EUS guided pancreatico-gastrostomy (Fig. [2])
EUS guided pancreatico-gastrostomy (Fig. [2])
The pain associated with chronic pancreatitis (CP) is caused, at least in part, by
ductal hypertension. Both surgical and endoscopic treatments can relieve pain by improving
ductal drainage. Endoscopic drainage requires transpapillary access to the pancreatic
duct during ERCP.
The development of interventional EUS has provided better access to the region of
the pancreas. Just as pancreatic fluid collections, such as pseudocysts, can be successfully
drained from the stomach or duodenum by endoscopic cystenterostomy or cystgastrostomy,
the same technique could be used to access a dilated pancreatic duct in cases in which
the duct cannot be drained by conventional ERCP because of complete obstruction.
Technique
By using an interventional echoendoscope, the dilated MPD was well visualized. EPG
was then performed under combined fluoroscopic and ultrasound guidance, with the tipp
of the echoendoscope positioned such that the inflated balloon was in the duodenal
bulb while the accessory channel remained in the antrum. A needle (19 G, Echotipp
Ultrasound Needle, EUSN-19-T, Cook Ireland Ltd., Limerick, Ireland) was inserted transgastrically
into the proximal pancreatic duct and contrast medium was injected. Opacification
demonstrated a dilated MPD proximal to the complete obstruction. The needle was exchanged
over a guidewire (0.02 inch diameter, Terumo Europe, Leuven, Belgium) for a 6.5F diathermic
sheath (prototype Cysto-Gastro set, EndoFlex, Voerde, Germany), which was then used
to enlarge the channel between the stomach and MPD. The sheath was introduced by using
cutting current. After exchange over a guidewire (TFE-coated 0.035 inch diameter,
Cook Europe, Bjaeverskov, Denmark), a 6F, 8-cm-long pancreaticogastric stent (cut
from a 6F nasobiliary catheter, Cook Europe) was positioned. There was no bleeding
from the puncture site. As observed by fluoroscopy, contrast emptied from the stent
into the stomach.
Fig. 2
a EUS puncture of a dilated pancreatic duct (stenosis due to post-traumatic acute pancreatitis)

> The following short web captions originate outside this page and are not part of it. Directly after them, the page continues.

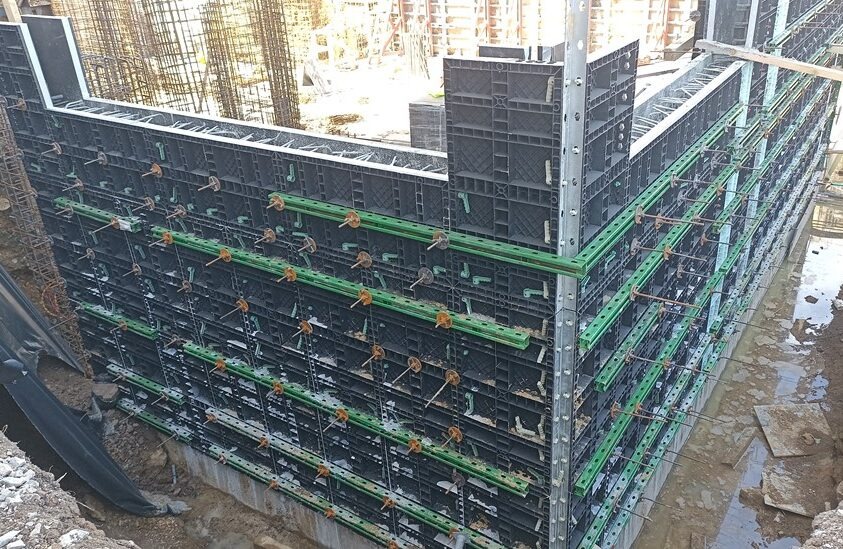 Szczegółowe ujęcie szalunku fundamentowego z tworzywa sztucznego, wzmocnionego zielonymi belkami i metalowymi ściągami, gotowego do zalania betonem.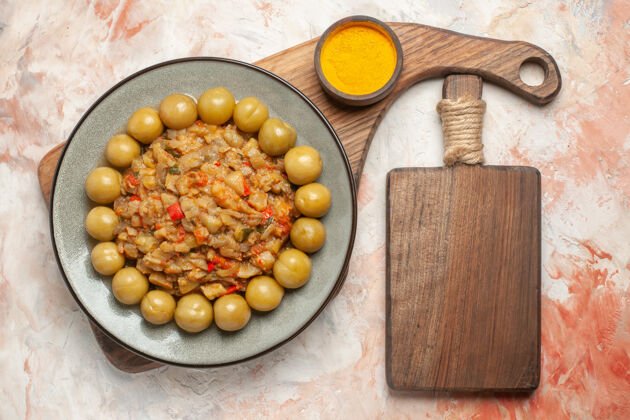 排骨烤茄子沙拉盘顶视图姜黄在碗里在木制的服务板一个砧板在裸体表面板食品种子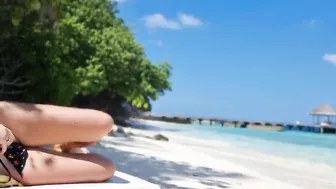 Without underwear on Beach babe touching twat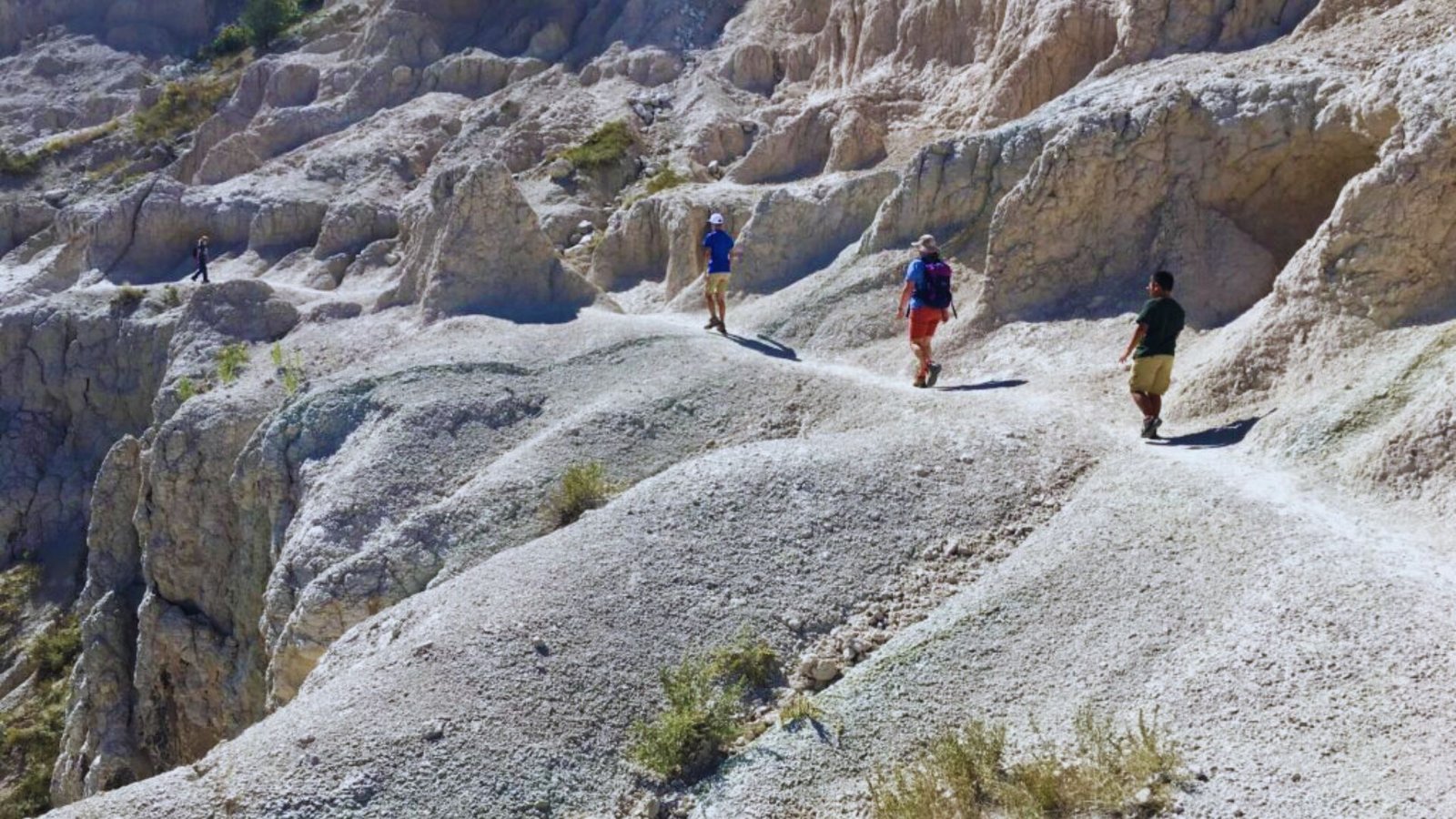 Three individuals walking along a winding path through the rugged terrain of the badlands.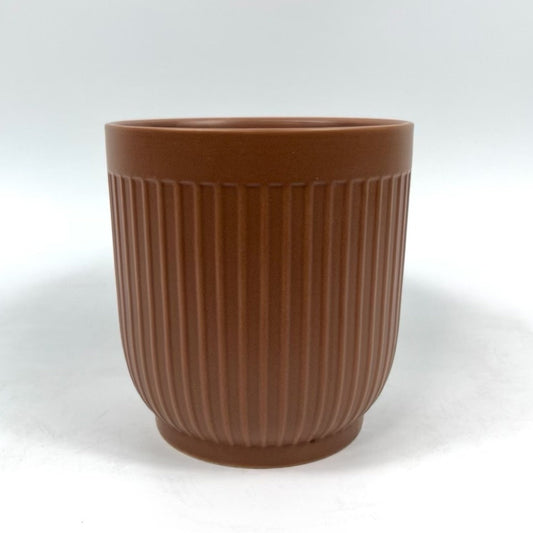 The Soft Shape planter in warm terracotta with ribbed sides and a matte finish on a white backdrop.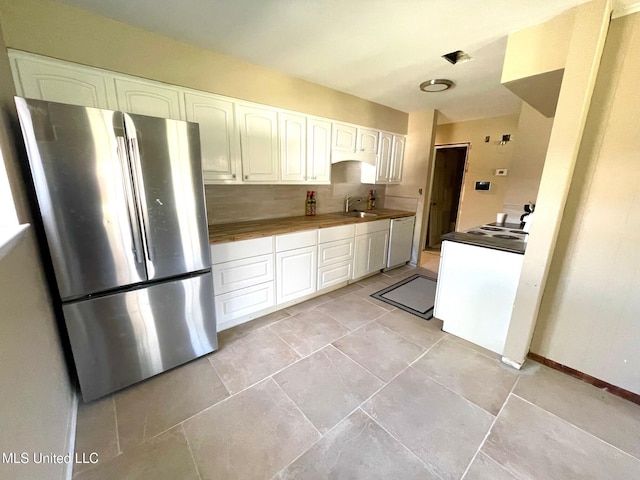 kitchen with backsplash, freestanding refrigerator, white cabinetry, white dishwasher, and a sink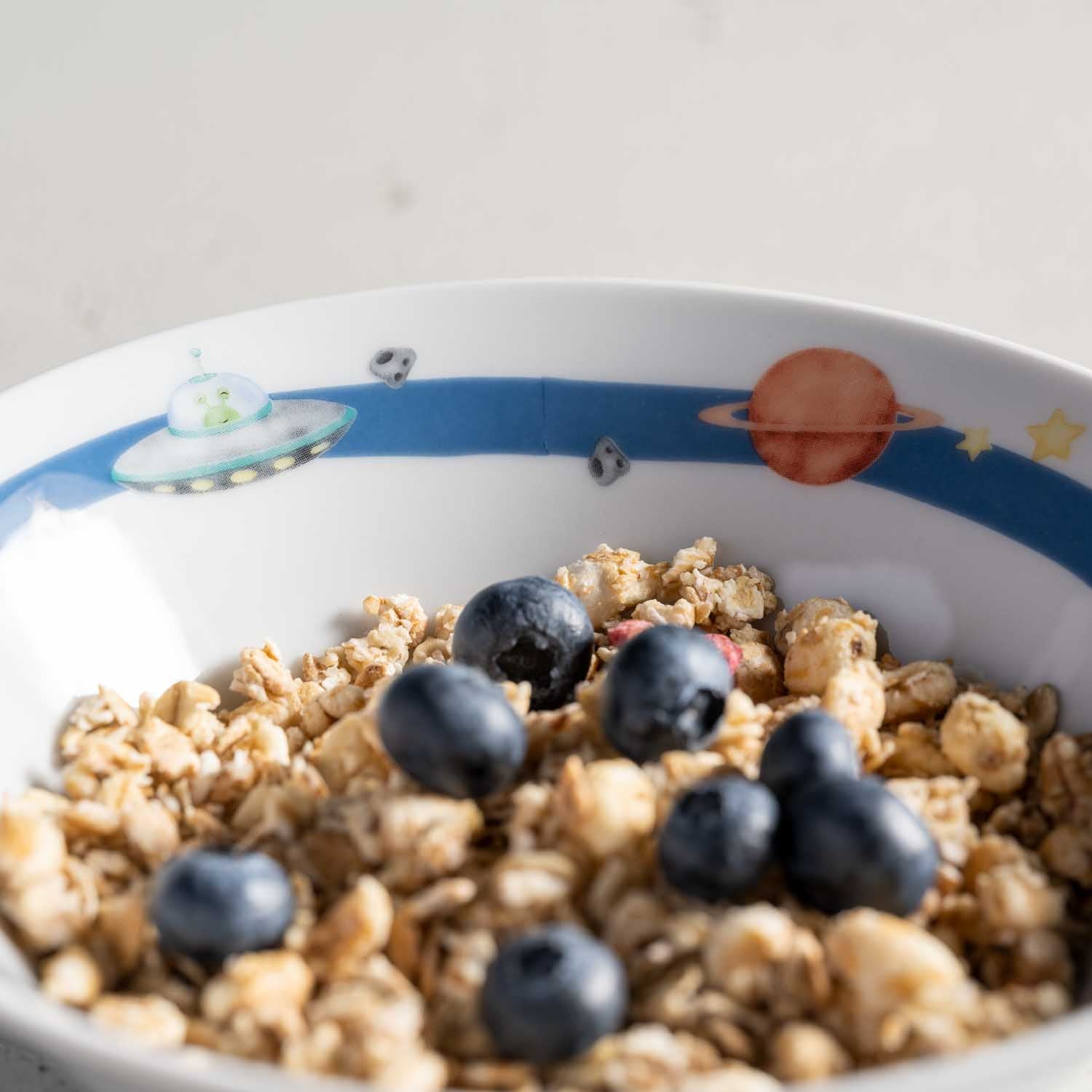Kindergeschirr BAMBINI AVVENTURA mit Weltall-Motiv gefüllt mit Müsli und Blaubeeren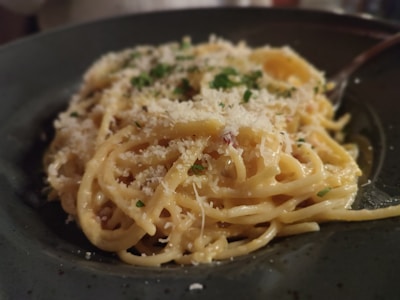 A plate of creamy pasta topped with grated cheese and garnished with chopped herbs, placed in a dark-colored dish. The pasta is well-coated with a cheesy sauce, and the texture appears rich and smooth.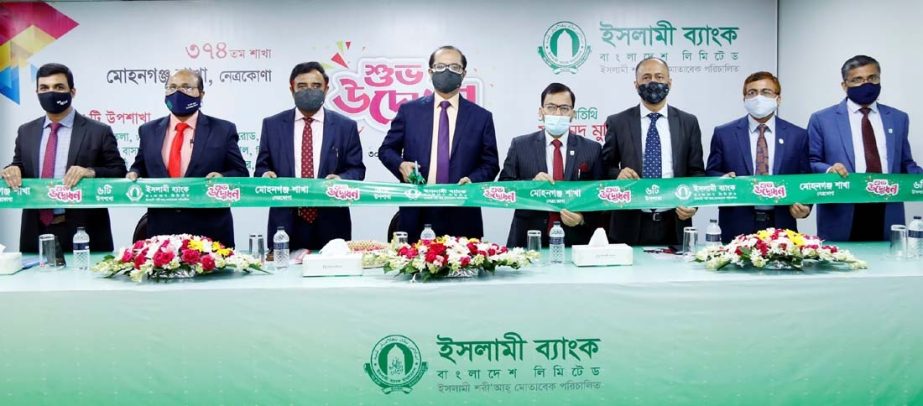 Mohammed Monirul Moula, Managing Director and CEO of Islami Bank Bangladesh Limited, inaugurating the bank's 374th Branch at Mohongonj in Netrokona on Sunday. Muhammad Qaisar Ali, Md. Omar Faruk Khan, AMDs, Md. Mosharraf Hossain, DMD, Md. Mahboob Alam, S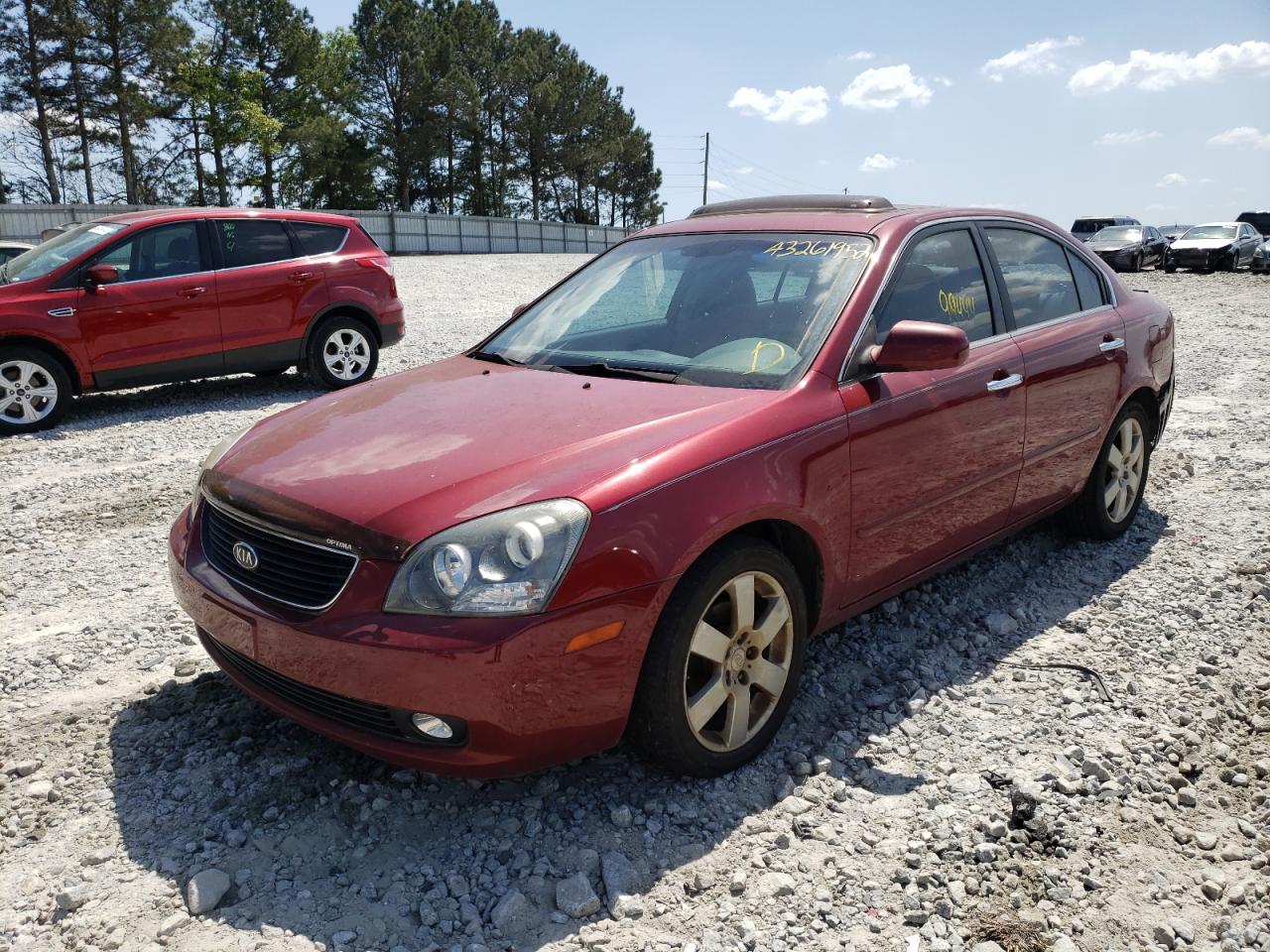 Photo 2 from auction – 2006 KIA OPTIMA LX with VIN KNAGE124665068091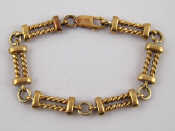 Appraisal: A yellow metal tests carat gold bracelet approx cm long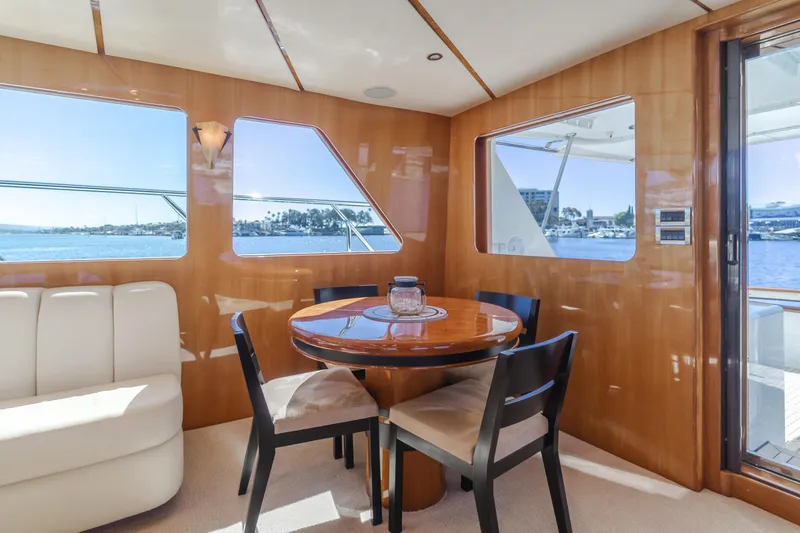 Slide: The Image of Luxurious 2008 Ocean Alexander Pilothouse interior with dining area and scenic ocean views. - 23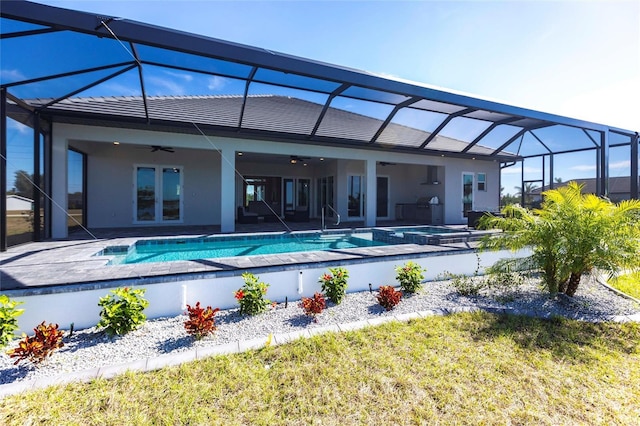 rear view of property with a ceiling fan, french doors, a patio area, and a lanai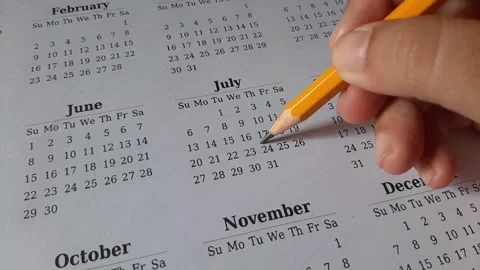 Marking July date on the calendar Stock Footage 311438858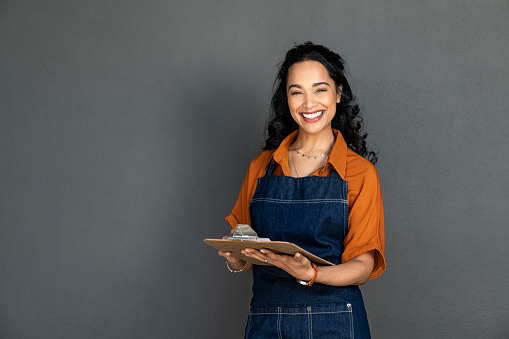 Portrait of smiling young woman in apron holding clipboard and looking at camera. Beautiful latin waitress waiting for customers isolated on grey wall. Successful small business owner standing on grey background with copy space.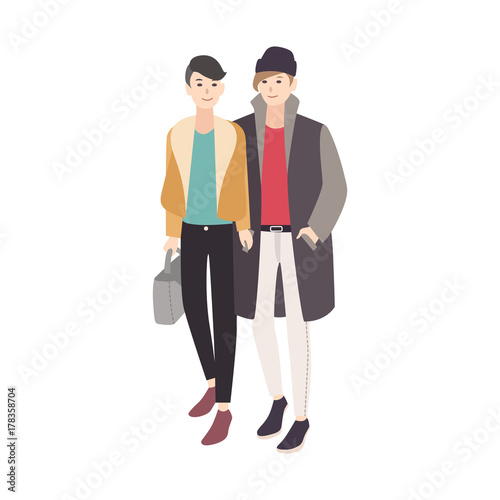 Pair of young men dressed in trendy outerwear smiling, walking together and embracing. Stylish gay couple. Cute cartoon characters isolated on white background. Colorful flat vector illustration.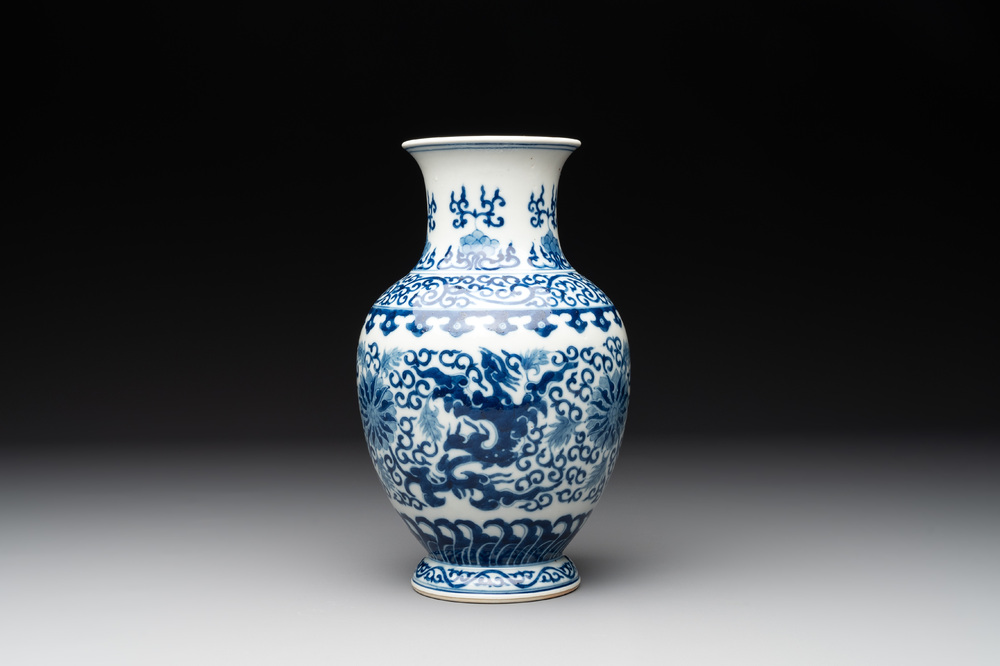A Chinese blue and white 'phoenix and flower scroll' vase, Qianlong mark, 19th C.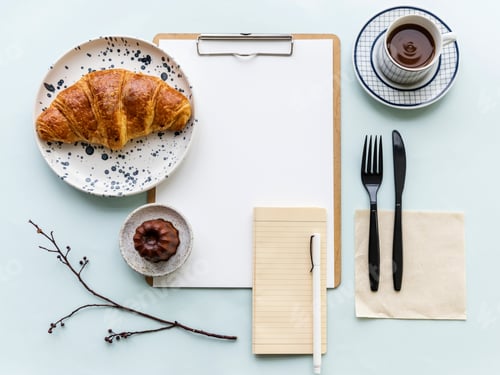 Preview: Aerial view of croissant coffee cup and paper clipboard
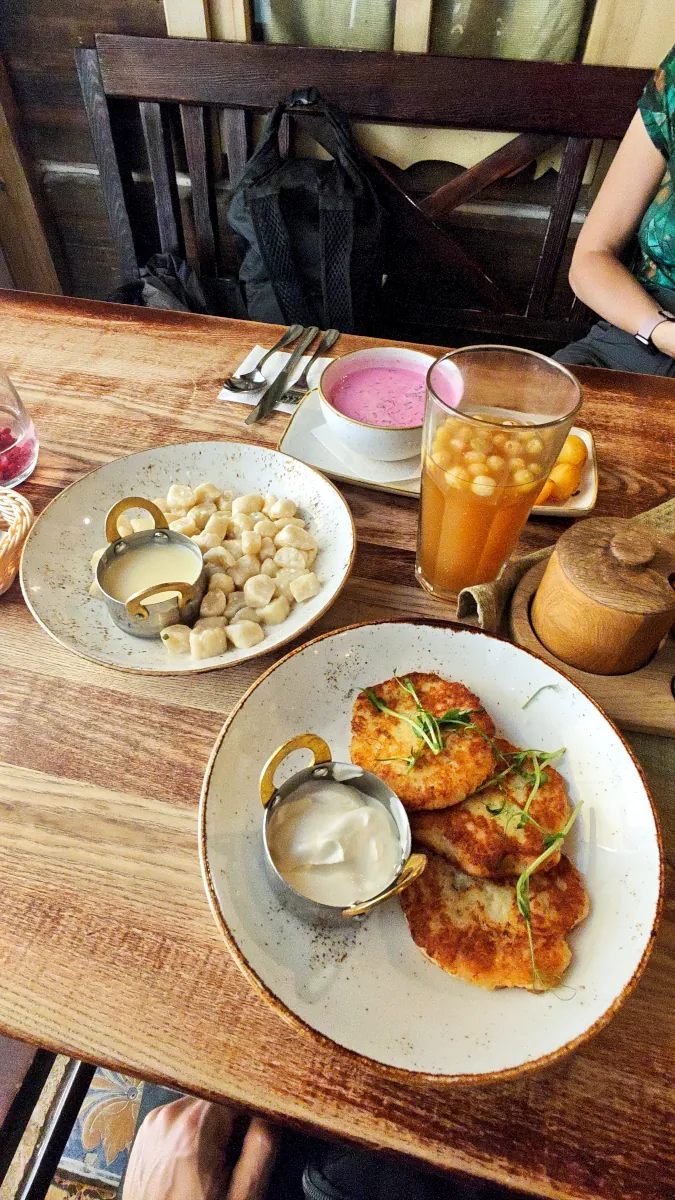 Table with cold beet soup (šaltibarščiai), potato pancakes, and sweet cottage cheese dumplings (varškės virtinukai) at Etno Dvaras.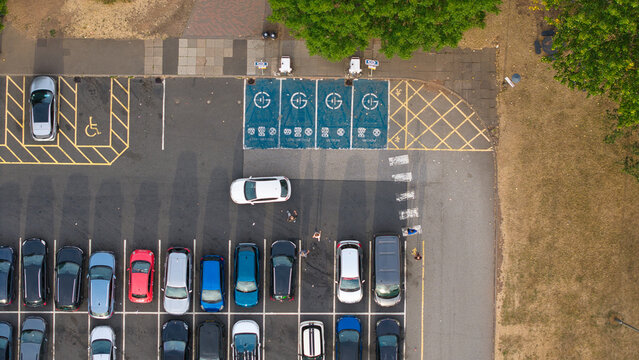 Aerial view of Corley Northbound Services M6 featuring electric vehicle charging zones with blue marked bays and various parked cars in a parking lot in Coventry, England, United Kingdom.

b Opacification of the duct c pancreaticogastrostomie using a 8.5 F plastic stent.
Discussion
Discussion
The results of the first series of patients published are much too preliminary in
nature to recommend wider use of EPG, which in any case should be restricted to tertiary
centers specializing in biliopancreatic therapy. Nevertheless, the possibility of
draining the MPD into the digestive tract through an endoscopically created fistula,
with patency maintained by stent placement, might be interesting as an alternative
method of drainage without the complication of stent occlusion that is associated
with transpapillary drainage. In conclusion, pancreatic ductal hypertension, as reflected
by duct dilation, is a cause of pain in some patients with CP. Although endoscopic
ductal decompression is useful in such cases, conventional ERCP occasionally fails
to obtain access to the targeted dilated duct. EUS-guided pancreaticogastrostomy in
4 patients is described here as a new method of ductal decompression in selected cases
[5]. Further evaluation of this technique including longer-term follow-up of patients
is warranted.
Conclusion
Conclusion
Therapeutic EUS as EUS guided pancreaticogastrostomy and hepatico-gastrostomy can
represent today an alternative to Surgery when the endoscopic procedures failed. But,
in the future dedicated accessories for such procedures will be needed.